Novak Djokovic has claimed a list of demands to Australian Open organisers had

"Today I received a positive COVID-19 test result".

Tennis umpire Carlos Bernardes was recovering well after being admitted to hospital on Wednesday while in quarantine in Melbourne ahead of next month's Australian Open, the ATP Tour said on Thursday.

She is the first female tennis player on the tournament's roster to have a confirmed positive test, the latest setback for preparations for the year's first Grand Slam in Melbourne. "I'm feeling unwell and have symptoms", the world number 67 tweeted. "But I'll try to recover as soon as possible listening to the doctors".

"Not every act is taken at its face value and at times when I see the aftermath of things, I do tend to ask myself if I should just sit back and enjoy my benefits instead of paying attention to other people's struggles".

As many as 72 players are confined to their hotel rooms for 14 days and unable to train for the February 8-21 Australian Open after passengers on three charter flights to Melbourne returned positive tests for COVID-19.

Djokovic, who is now in a more relaxed quarantine in Adelaide ahead of an exhibition event leading into the Australian Open, said his suggestions were compiled from a group chat with other players and that he knew it was unlikely any of them would be granted.

Strict anti-virus measures are in place in Melbourne ahead of the Australian Open
Strict anti-virus measures are in place in Melbourne ahead of the Australian Open

"At the beginning the rule was the positive section of the plane who was with that person had to quarantine".

"Not fair to change the rules at the last moment".

On Wednesday, local officials reported that a total of 10 people who travelled to Australia for the tournament had tested positive, but some of those were likely to be viral shedding, where someone who has previously had the virus still has it in their system but is no longer contagious.

Kazak women's world No. 28 Yulia Putintseva complained of a mice infestation at her quarantine and said the windows would not open in her room.

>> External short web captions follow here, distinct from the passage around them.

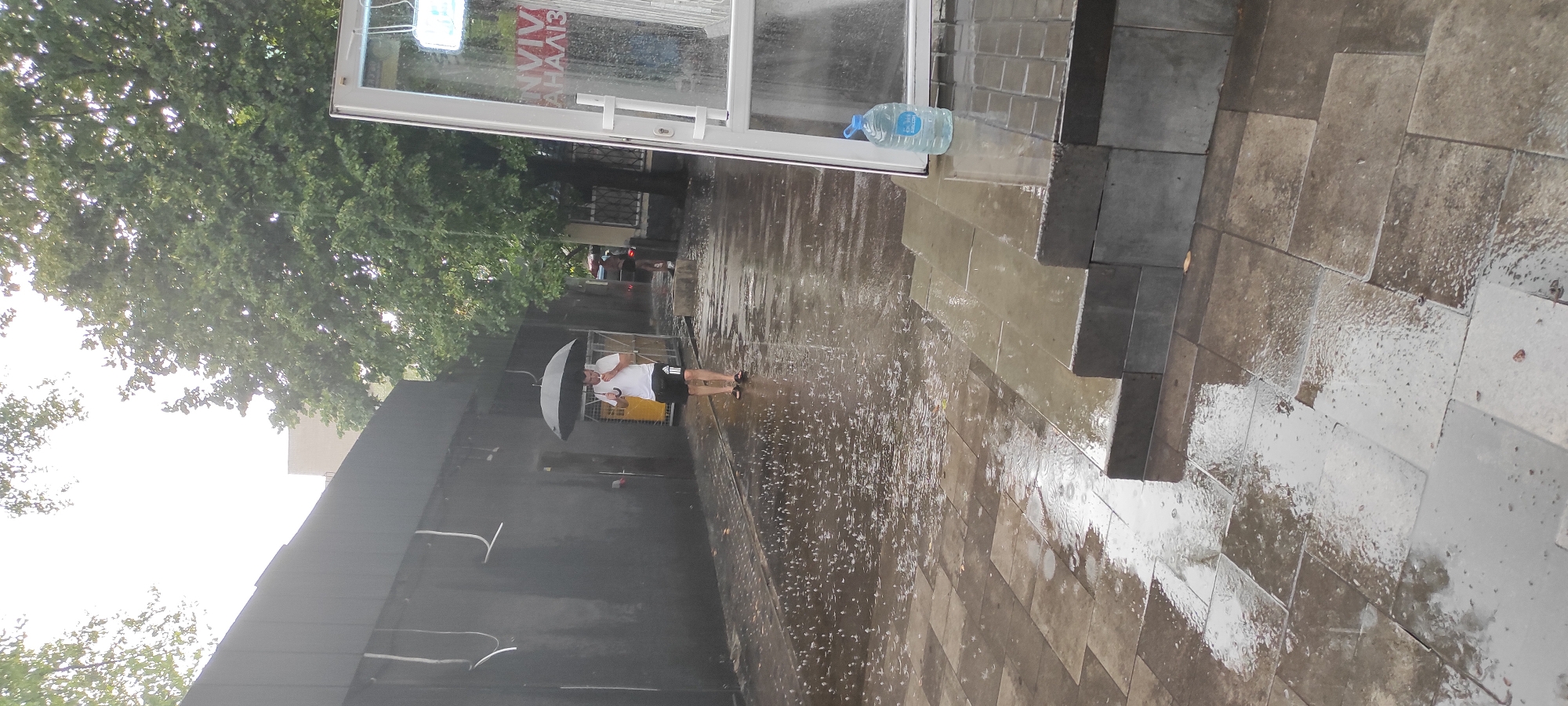 In Kamianske, Ukraine, on a rainy day, a person is walking under a black umbrella, holding it with their right hand. They are wearing a white t-shirt and black shorts with white stripes. The ground is wet and paved with square tiles, with raindrops visible on the surface. To the right of the person, there is a glass-enclosed structure with a white frame. A large blue bottle of water is placed on the steps leading up to this structure. A dark-colored building is situated to the left of the scene, with visible cables attached to its facade. Trees with green foliage are present in the background. The sky is overcast and bright.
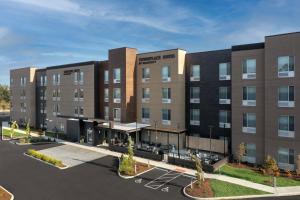 een weergave van de voorkant van het Hampton Inn hotel bij SpringHill Suites by Marriott Cincinnati Mason in Mason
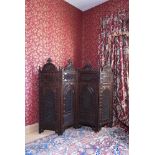 AN INDIAN CARVED HARDWOOD FOLDING ROOM SCREEN, LATE 19TH CENTURY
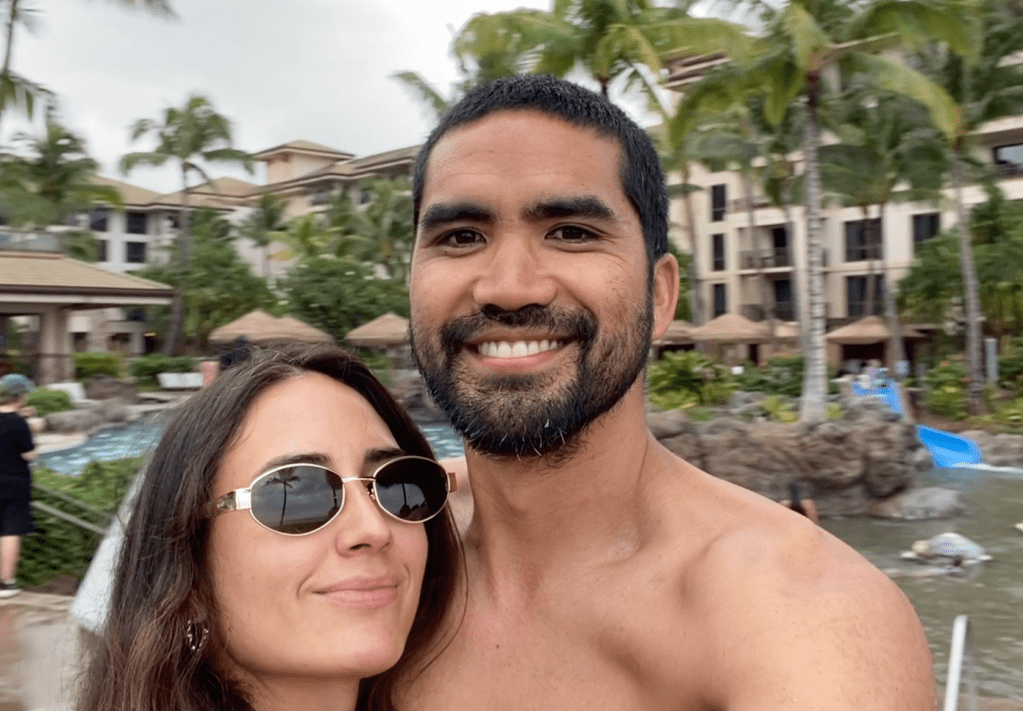 A couple smiling for a selfie in a tropical resort setting with palm trees and a pool in the background.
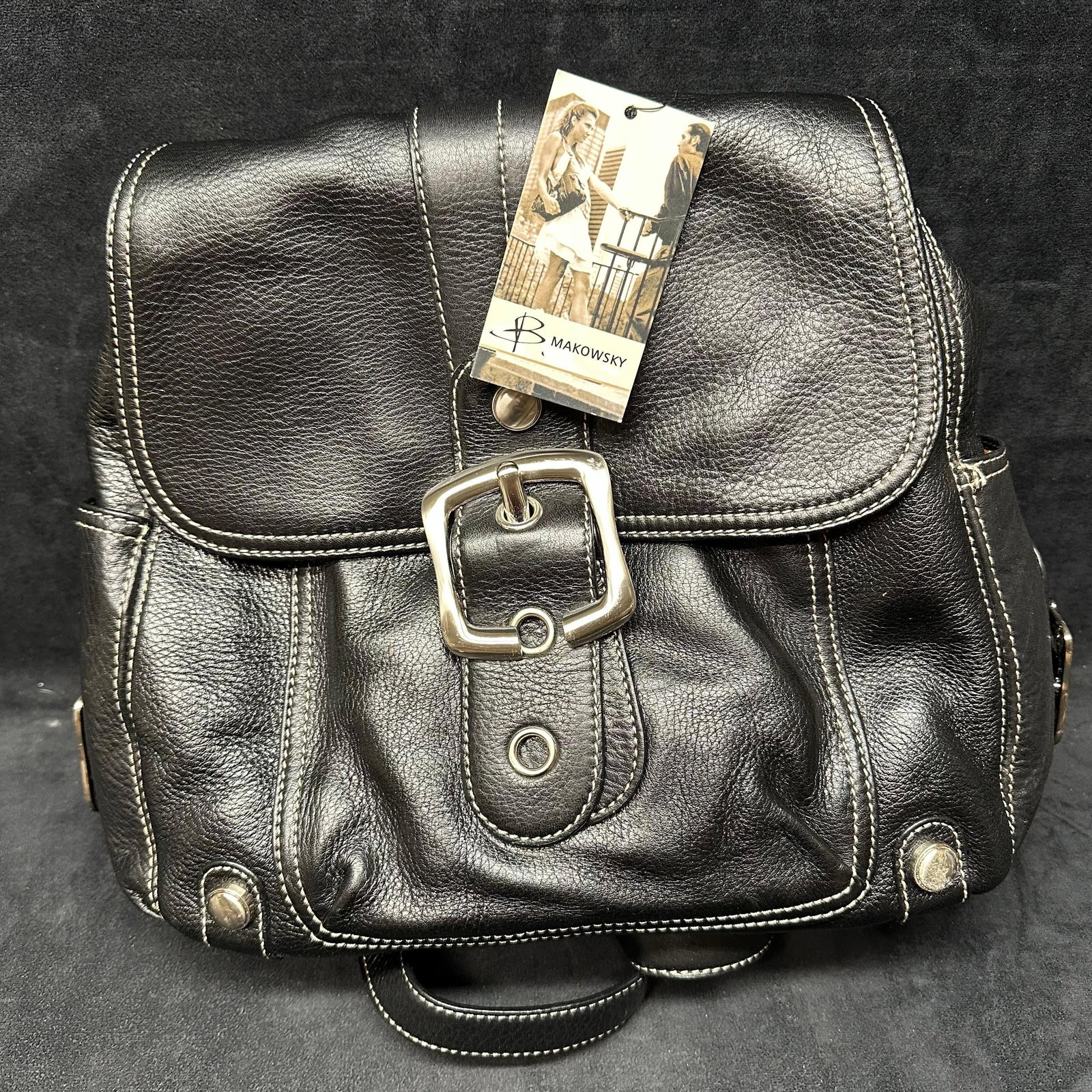 Tribeca Black Backpack B Makowsky Genuine Leather Bag: Includes a black dust bag. Shows light wear consistent with normal use. This item is in like-new, previously stored condition with light wear and surface scratches. Original tag still intact. Ple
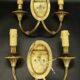 Pair of wall sconces with female masks in Louis XVI style - gilded bronze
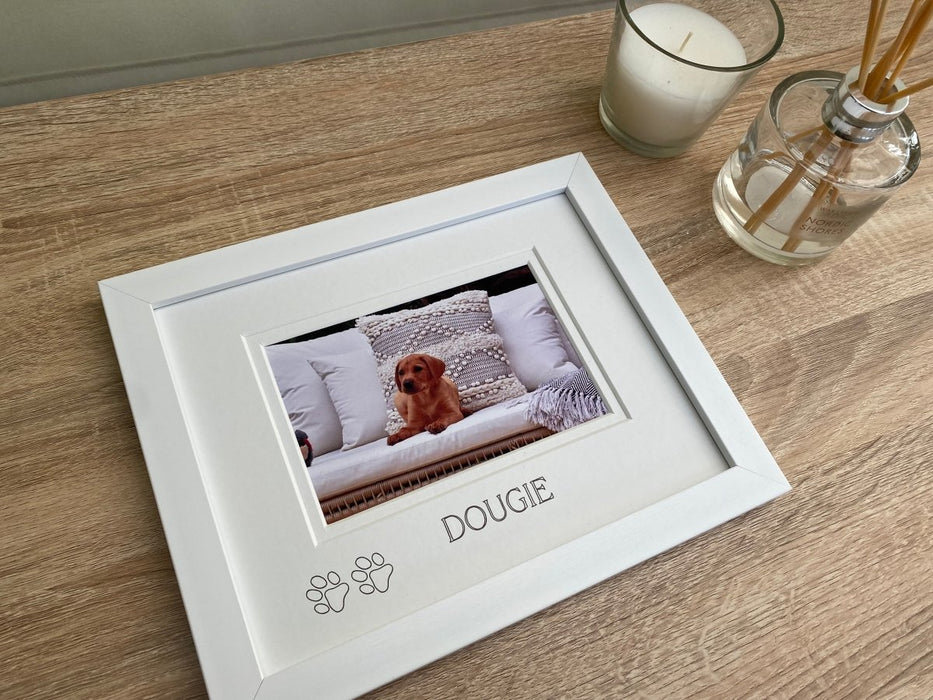 Contemporay white frame, a picture of a fox red lab sitting on the sofa. Next to a white candle and diffuser for home decor.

Badosa was among the 72 tennis players who have been placed under a stricter lockdown - unable to leave their hotel rooms at all for two weeks - after being on a flight with someone who tested positive upon arrival in Melbourne.

Djokovic had suggested easing quarantine restrictions in his initial comments to Tiley and was promptly criticized for his lack of awareness by many in Australia, including Nick Kyrgios and Sam Groth.